No pictures go into the output, which should consist only of the lines from the first line of the data through the line with "a hotel room", copied exactly.
:::
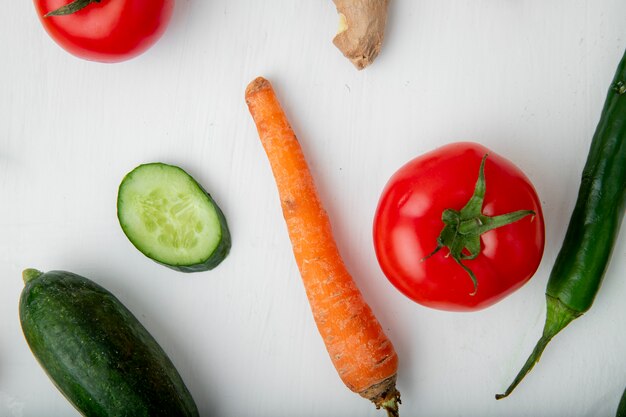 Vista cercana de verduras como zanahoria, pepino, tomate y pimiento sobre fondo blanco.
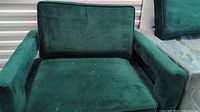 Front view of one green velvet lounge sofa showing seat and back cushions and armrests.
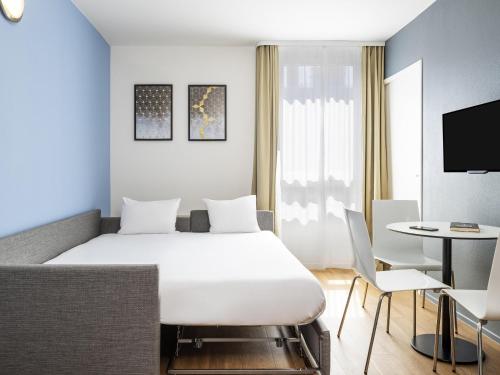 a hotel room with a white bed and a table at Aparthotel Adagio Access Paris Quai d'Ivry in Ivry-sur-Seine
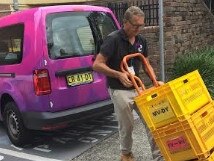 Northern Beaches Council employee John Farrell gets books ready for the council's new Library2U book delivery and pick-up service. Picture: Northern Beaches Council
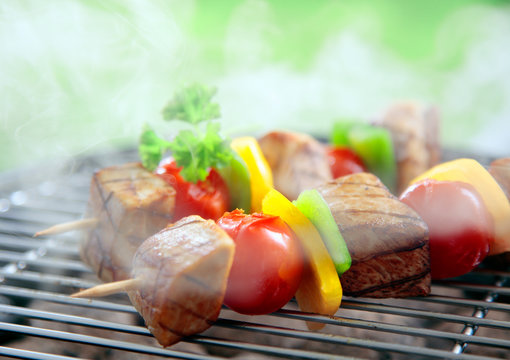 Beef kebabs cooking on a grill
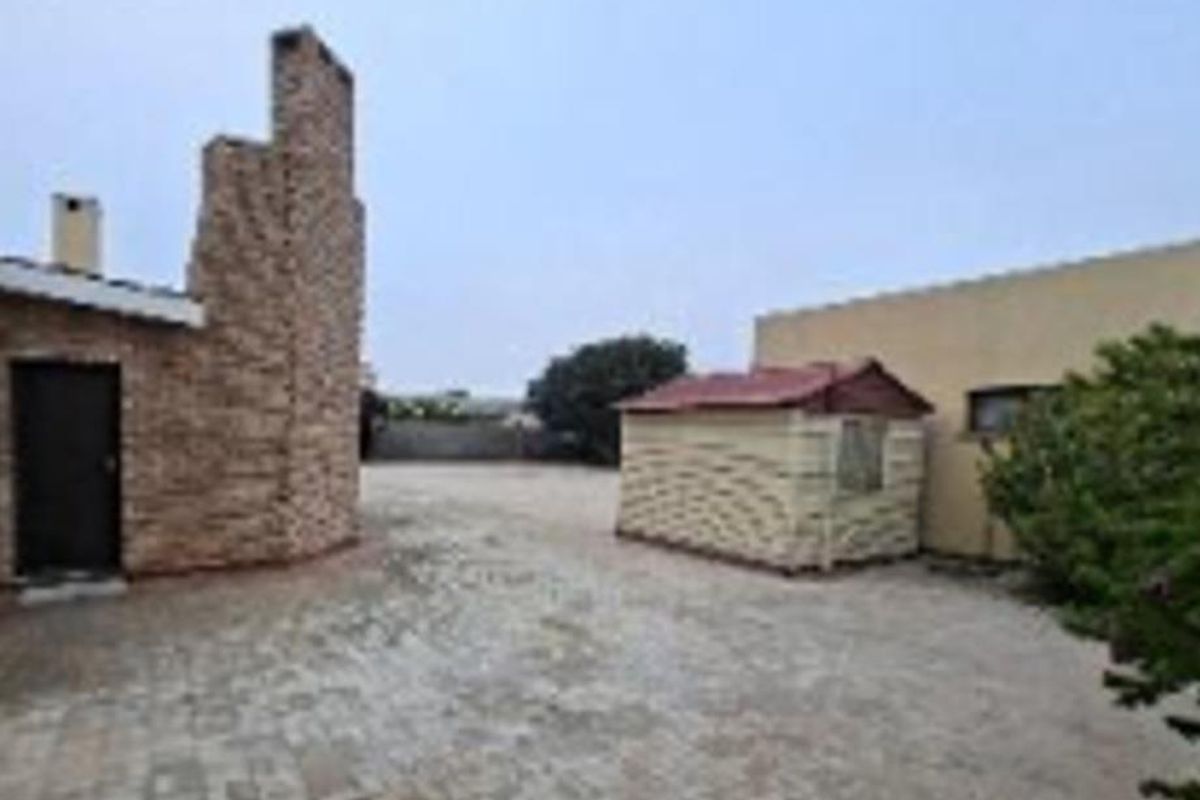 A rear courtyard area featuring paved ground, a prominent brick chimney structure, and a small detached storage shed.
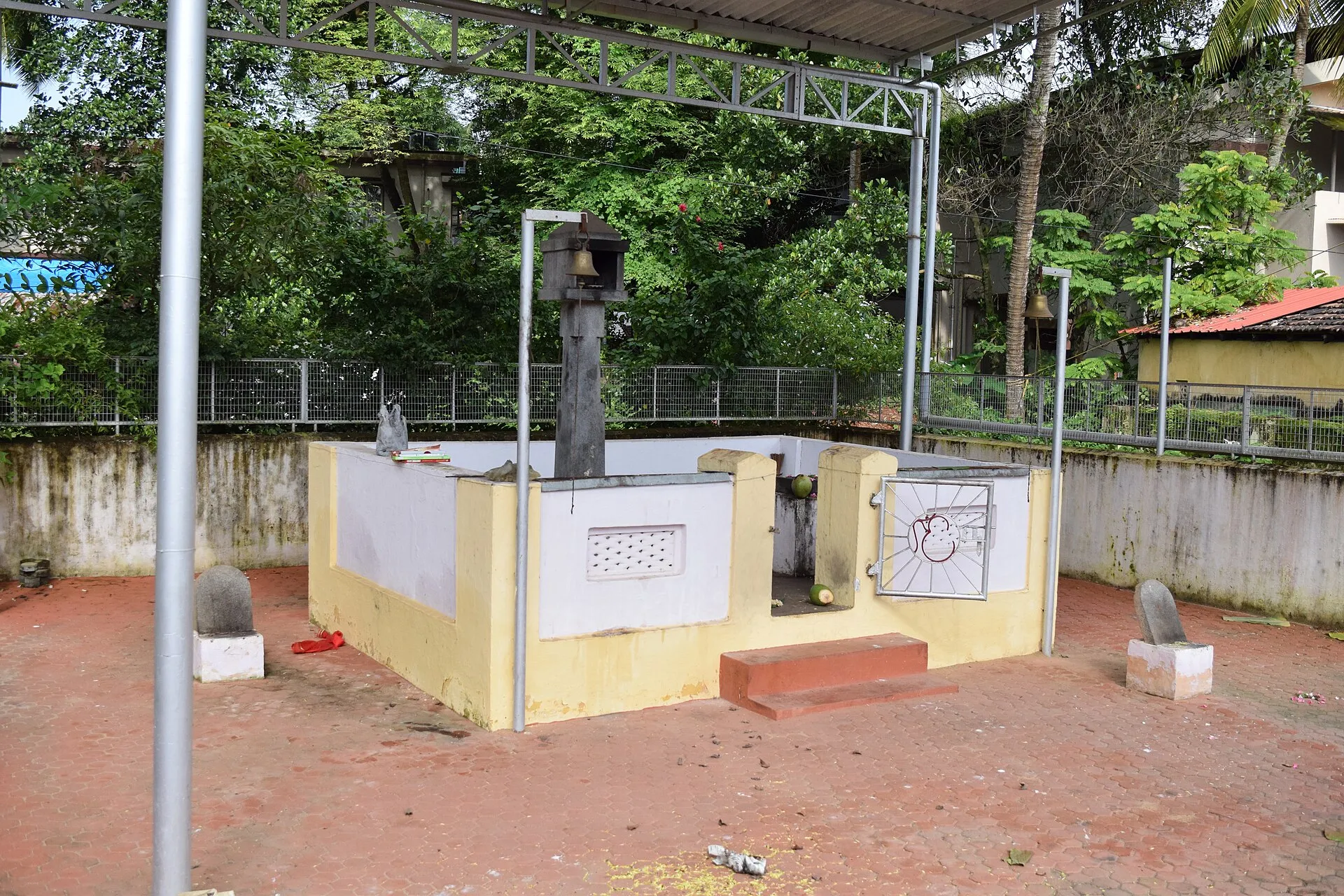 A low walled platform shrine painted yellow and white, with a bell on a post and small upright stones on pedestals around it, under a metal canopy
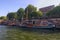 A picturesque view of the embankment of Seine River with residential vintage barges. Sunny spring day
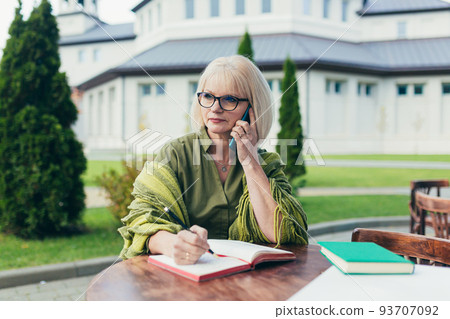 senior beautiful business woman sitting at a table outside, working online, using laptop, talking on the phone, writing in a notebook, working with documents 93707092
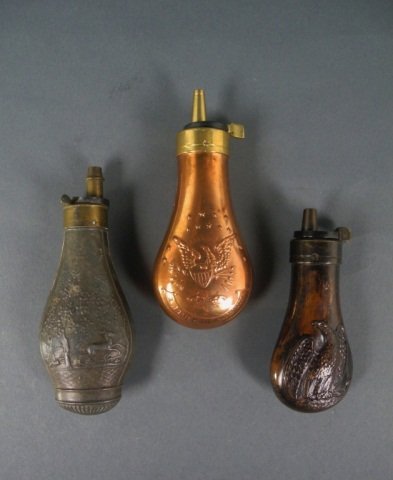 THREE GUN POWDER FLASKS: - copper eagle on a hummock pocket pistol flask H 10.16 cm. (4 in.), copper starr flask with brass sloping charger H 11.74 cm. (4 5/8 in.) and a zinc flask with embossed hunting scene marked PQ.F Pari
:::
## [Answer box]
 Vista cercana de verduras como zanahoria, pepino, tomate y pimiento sobre fondo blanco.
 Front view of one green velvet lounge sofa showing seat and back cushions and armrests.
 a hotel room with a white bed and a table at Aparthotel Adagio Access Paris Quai d'Ivry in Ivry-sur-Seine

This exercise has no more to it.